* [Input records]
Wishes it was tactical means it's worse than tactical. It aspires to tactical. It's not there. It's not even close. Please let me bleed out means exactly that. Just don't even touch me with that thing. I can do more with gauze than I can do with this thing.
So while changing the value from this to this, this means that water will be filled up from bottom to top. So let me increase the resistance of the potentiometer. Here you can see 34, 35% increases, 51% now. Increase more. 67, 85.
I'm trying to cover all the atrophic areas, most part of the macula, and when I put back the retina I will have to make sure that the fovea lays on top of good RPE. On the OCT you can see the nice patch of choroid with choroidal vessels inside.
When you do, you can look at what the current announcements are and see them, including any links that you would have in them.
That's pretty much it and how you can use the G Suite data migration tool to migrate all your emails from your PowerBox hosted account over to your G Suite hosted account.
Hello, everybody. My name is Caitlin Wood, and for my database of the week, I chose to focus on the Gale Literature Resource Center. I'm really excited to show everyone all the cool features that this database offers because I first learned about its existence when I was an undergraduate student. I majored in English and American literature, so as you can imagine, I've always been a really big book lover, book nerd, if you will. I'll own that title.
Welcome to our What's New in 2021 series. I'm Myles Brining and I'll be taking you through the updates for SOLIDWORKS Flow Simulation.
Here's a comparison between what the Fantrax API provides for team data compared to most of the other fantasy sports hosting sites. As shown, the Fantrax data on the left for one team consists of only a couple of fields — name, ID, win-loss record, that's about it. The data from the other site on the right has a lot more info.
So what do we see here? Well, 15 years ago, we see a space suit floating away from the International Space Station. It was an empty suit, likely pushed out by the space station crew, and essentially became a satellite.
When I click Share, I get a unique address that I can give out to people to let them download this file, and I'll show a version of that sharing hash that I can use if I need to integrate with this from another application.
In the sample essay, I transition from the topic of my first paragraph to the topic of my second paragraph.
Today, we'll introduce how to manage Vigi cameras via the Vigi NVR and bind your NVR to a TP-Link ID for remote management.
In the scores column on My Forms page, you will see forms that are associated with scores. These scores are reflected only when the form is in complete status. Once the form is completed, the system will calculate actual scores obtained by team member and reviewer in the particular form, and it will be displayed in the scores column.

* [Your task]
All lines in the listing above between the line with "When you do, you" and the line with "Today, we'll introduce", inclusive, should be set down exactly, and no line outside that range.

* [Result for this exercise]
When you do, you can look at what the current announcements are and see them, including any links that you would have in them.
That's pretty much it and how you can use the G Suite data migration tool to migrate all your emails from your PowerBox hosted account over to your G Suite hosted account.
Hello, everybody. My name is Caitlin Wood, and for my database of the week, I chose to focus on the Gale Literature Resource Center. I'm really excited to show everyone all the cool features that this database offers because I first learned about its existence when I was an undergraduate student. I majored in English and American literature, so as you can imagine, I've always been a really big book lover, book nerd, if you will. I'll own that title.
Welcome to our What's New in 2021 series. I'm Myles Brining and I'll be taking you through the updates for SOLIDWORKS Flow Simulation.
Here's a comparison between what the Fantrax API provides for team data compared to most of the other fantasy sports hosting sites. As shown, the Fantrax data on the left for one team consists of only a couple of fields — name, ID, win-loss record, that's about it. The data from the other site on the right has a lot more info.
So what do we see here? Well, 15 years ago, we see a space suit floating away from the International Space Station. It was an empty suit, likely pushed out by the space station crew, and essentially became a satellite.
When I click Share, I get a unique address that I can give out to people to let them download this file, and I'll show a version of that sharing hash that I can use if I need to integrate with this from another application.
In the sample essay, I transition from the topic of my first paragraph to the topic of my second paragraph.
Today, we'll introduce how to manage Vigi cameras via the Vigi NVR and bind your NVR to a TP-Link ID for remote management.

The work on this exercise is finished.